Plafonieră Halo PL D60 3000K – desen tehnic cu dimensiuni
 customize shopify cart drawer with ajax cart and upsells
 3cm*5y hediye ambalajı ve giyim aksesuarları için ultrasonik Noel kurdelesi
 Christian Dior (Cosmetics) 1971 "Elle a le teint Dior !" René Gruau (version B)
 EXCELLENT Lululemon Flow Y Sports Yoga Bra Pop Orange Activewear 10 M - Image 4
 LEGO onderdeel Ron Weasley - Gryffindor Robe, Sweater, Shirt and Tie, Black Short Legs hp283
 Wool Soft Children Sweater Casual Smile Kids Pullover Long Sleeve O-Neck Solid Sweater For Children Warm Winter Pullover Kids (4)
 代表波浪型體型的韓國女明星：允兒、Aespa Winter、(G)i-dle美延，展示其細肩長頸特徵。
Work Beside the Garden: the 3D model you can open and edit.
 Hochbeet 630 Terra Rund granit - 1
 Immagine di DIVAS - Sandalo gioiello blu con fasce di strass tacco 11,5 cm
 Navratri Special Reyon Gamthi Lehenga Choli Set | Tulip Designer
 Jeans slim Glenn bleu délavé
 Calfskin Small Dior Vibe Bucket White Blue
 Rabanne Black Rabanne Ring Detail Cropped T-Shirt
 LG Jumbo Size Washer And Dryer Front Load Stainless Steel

*Exercise description*. From top to bottom, repeat the data above without alteration.

*Solution to this task*.
Plafonieră Halo PL D60 3000K – desen tehnic cu dimensiuni
 customize shopify cart drawer with ajax cart and upsells
 3cm*5y hediye ambalajı ve giyim aksesuarları için ultrasonik Noel kurdelesi
 Christian Dior (Cosmetics) 1971 "Elle a le teint Dior !" René Gruau (version B)
 EXCELLENT Lululemon Flow Y Sports Yoga Bra Pop Orange Activewear 10 M - Image 4
 LEGO onderdeel Ron Weasley - Gryffindor Robe, Sweater, Shirt and Tie, Black Short Legs hp283
 Wool Soft Children Sweater Casual Smile Kids Pullover Long Sleeve O-Neck Solid Sweater For Children Warm Winter Pullover Kids (4)
 代表波浪型體型的韓國女明星：允兒、Aespa Winter、(G)i-dle美延，展示其細肩長頸特徵。
Work Beside the Garden: the 3D model you can open and edit.
 Hochbeet 630 Terra Rund granit - 1
 Immagine di DIVAS - Sandalo gioiello blu con fasce di strass tacco 11,5 cm
 Navratri Special Reyon Gamthi Lehenga Choli Set | Tulip Designer
 Jeans slim Glenn bleu délavé
 Calfskin Small Dior Vibe Bucket White Blue
 Rabanne Black Rabanne Ring Detail Cropped T-Shirt
 LG Jumbo Size Washer And Dryer Front Load Stainless Steel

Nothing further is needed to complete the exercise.